Unser Kind – ein Vollzeit-Job
Vivien kann nicht verständlich sprechen, nicht alleine essen, muss gewickelt und mehrfach täglich umgezogen werden, hat kein Schlafhormon, ist nachts stundenlang aktiv und spürt nicht, wo Gefahren lauern. Sie kann nicht still sitzen, will Messer aus der Schublade holen, Gläser auf den Boden und Kuchen an die Wand werfen und muss daher 24 Stunden am Tag überwacht werden. Vivien ist sechs Jahre alt und auf dem Entwicklungsstand eines Kleinkinds, an dem sich wohl auch nichts Wesentliches ändern wird. Aber wenn Vivien lacht, geht die Sonne auf.
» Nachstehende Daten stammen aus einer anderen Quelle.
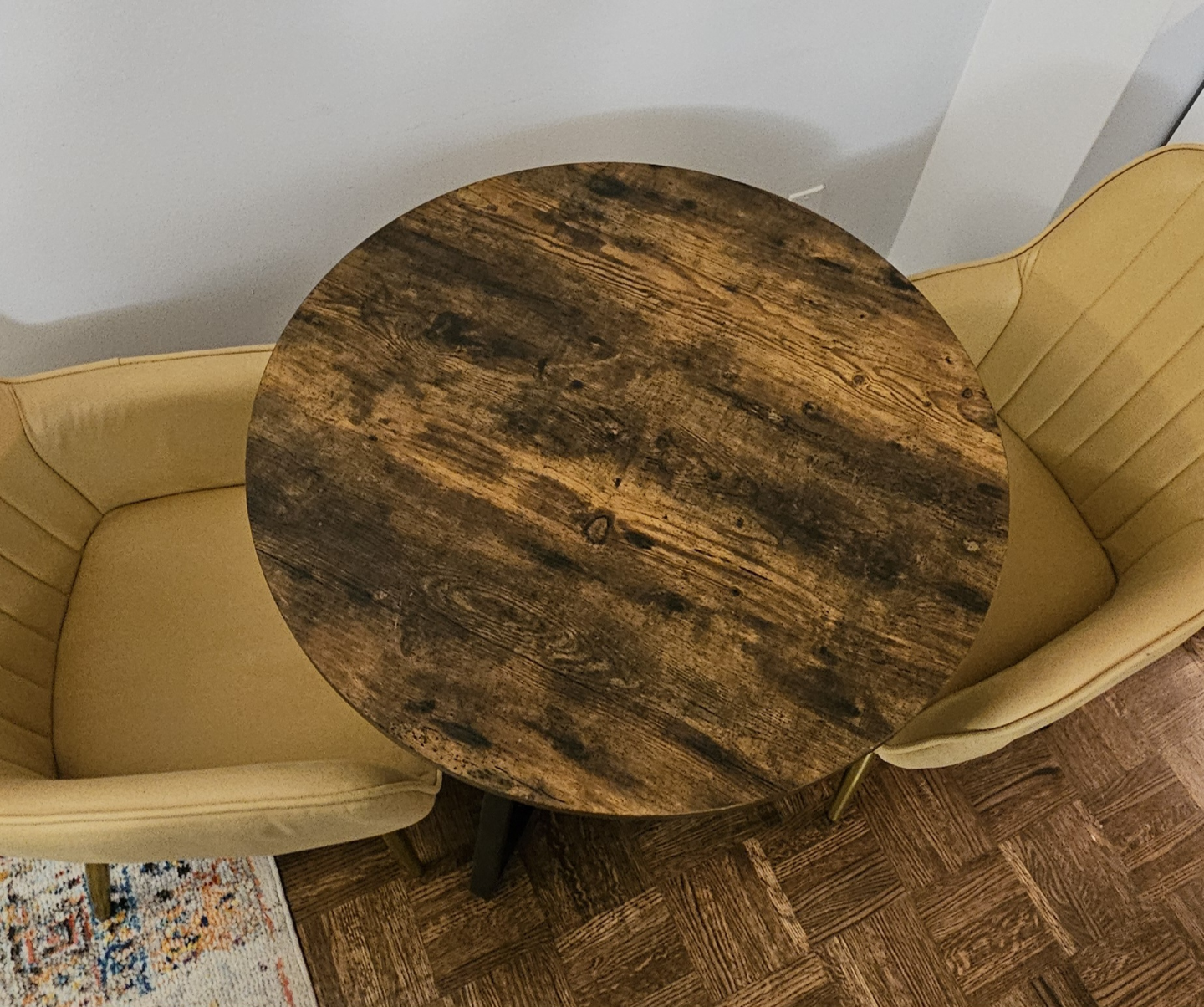 Mustard Yellow Armchairs and Round Table Set - photo 4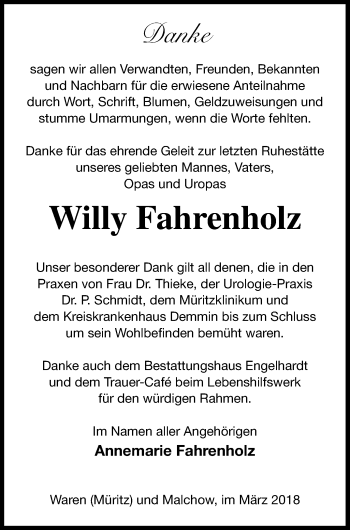 Traueranzeige von Willy Fahrenholz von Müritz-Zeitung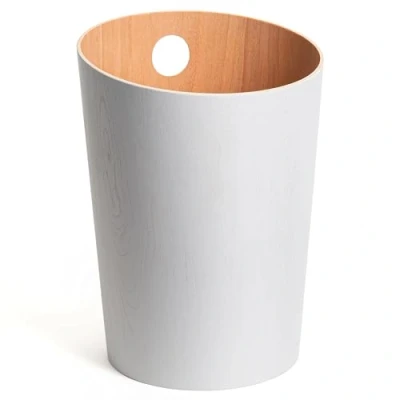Image of Kazai.® Design Paper Bin &#039;Bennet&#039; Unique Waste Basket for Office, Bedroom, Children&#039;s Room, and More Office Made of Real Wood Veneer White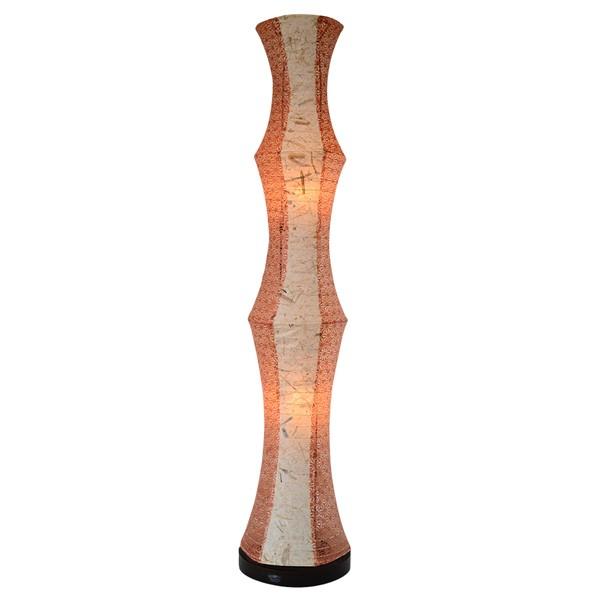 フロアライト2灯LED対応和紙バナナ紙X麻葉煉瓦日本製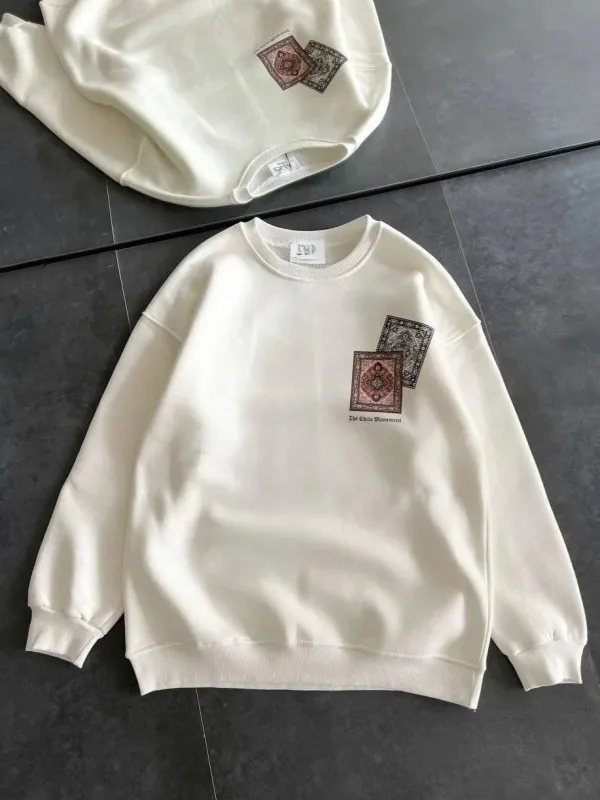 Dámsky biely cyklistický golier koberec potlačený 3-niťový bavlnený sweatshirt 1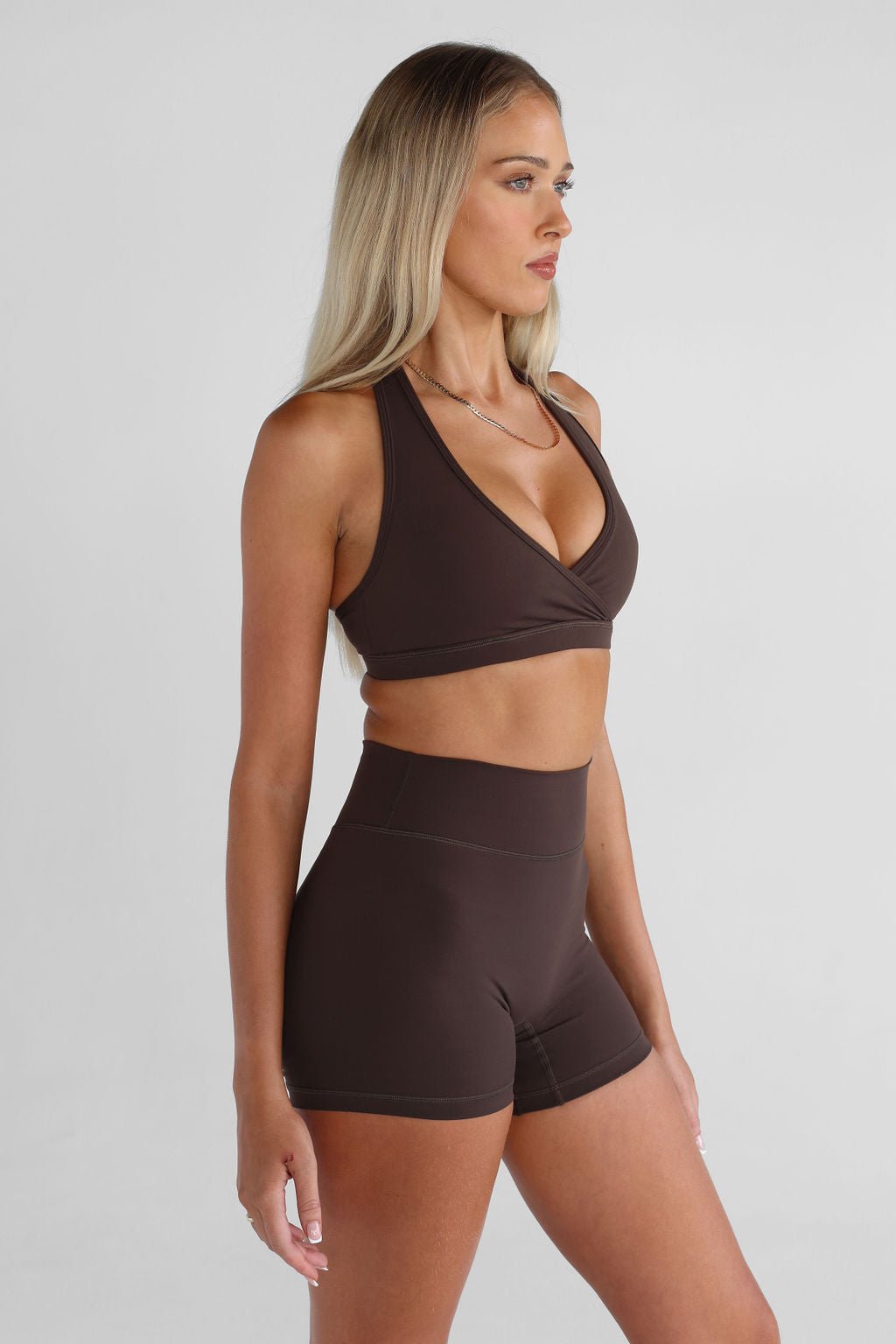 Signature Halter Neck Crop - Mocha - LEELO ACTIVE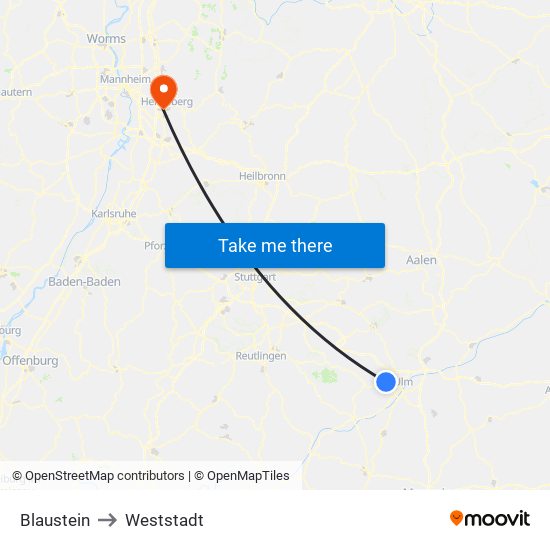 Blaustein to Weststadt map
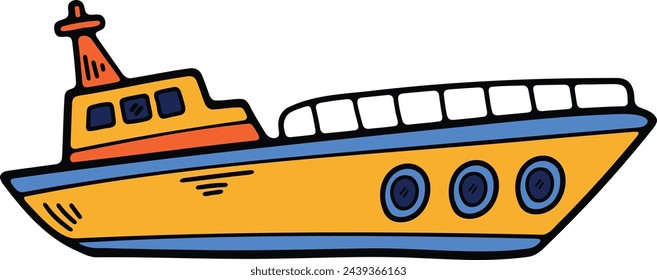 Hand Drawn Yacht or private boat in flat style isolated on background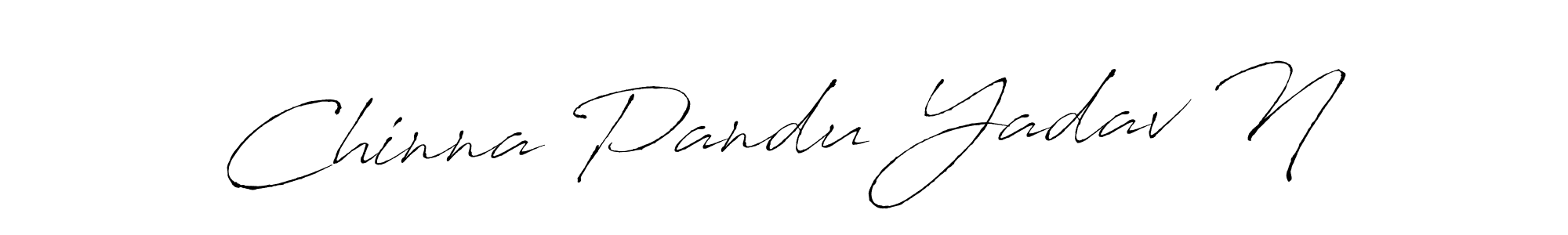 How to make Chinna Pandu Yadav N name signature. Use Antro_Vectra style for creating short signs online. This is the latest handwritten sign. Chinna Pandu Yadav N signature style 6 images and pictures png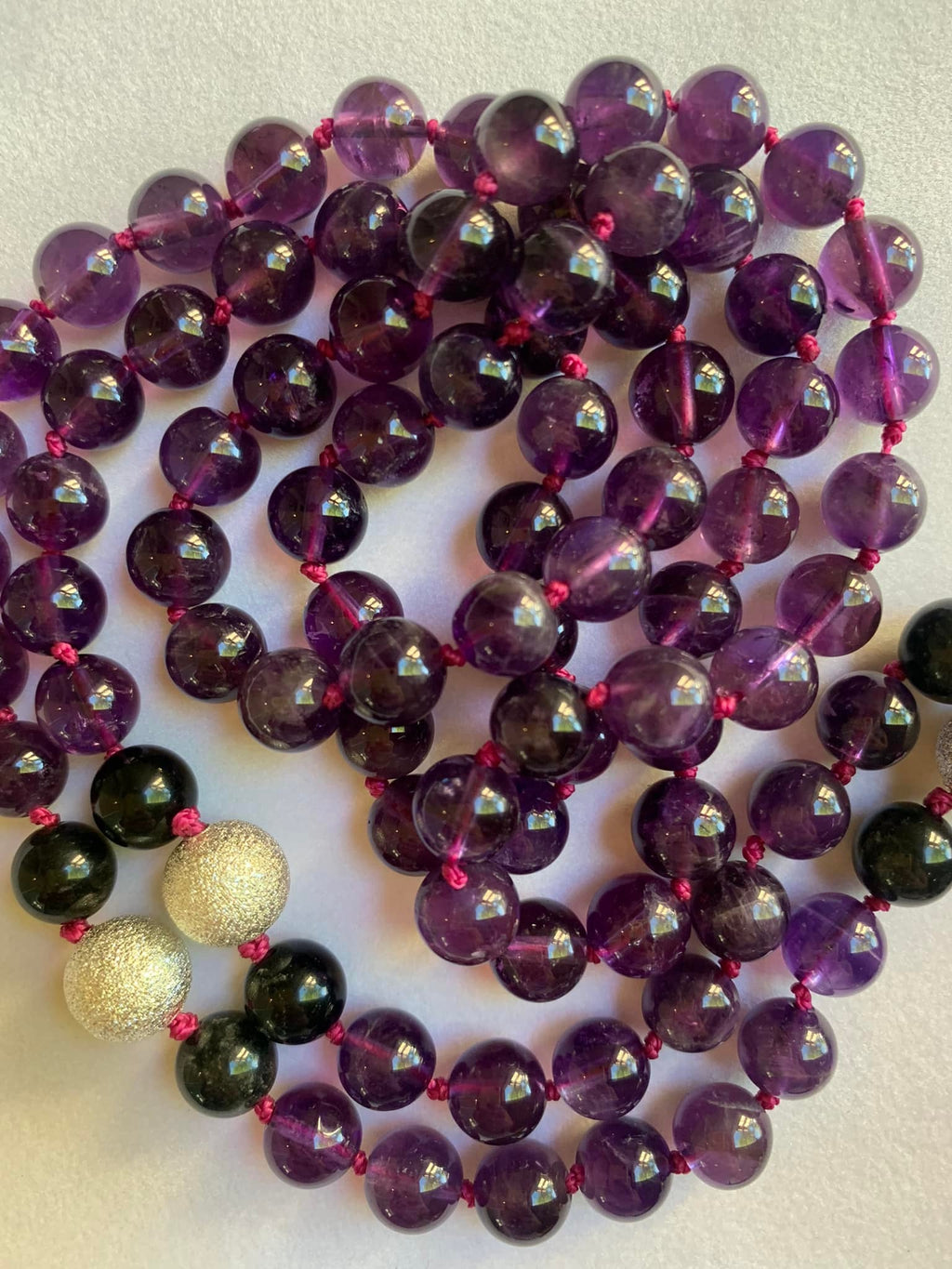 Nyx Mala - Nighttime Manifestation - Amethyst, Rainbow Obsidian, "Stardust" Beads - Collective Awakening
Und Vivien lacht viel.
Sie fordert ihrer Familie alles an Kraft ab, an Zeit und Zuwendung und gibt doch auch so viel Liebe zurück. Mama Marina Simon, Papa Thomas Simon, die großen Schwestern Chiara (12 Jahre) und Lena (10), die Oma ... haben alle Hände voll zu tun, damit der Alltag nicht aus dem Ruder läuft. Ein Alltag, der sich so gänzlich von dem anderer Familien unterscheidet. Ein Alltag, den sie alle dennoch von ganzem Herzen angenommen haben, obwohl er sie manchmal an ihre Grenzen bringt. „Wir lieben unser Kind über alles“, sagen Marina und Thomas Simon aus Mertingen. „Aber es ist ein Fulltime-Job!“.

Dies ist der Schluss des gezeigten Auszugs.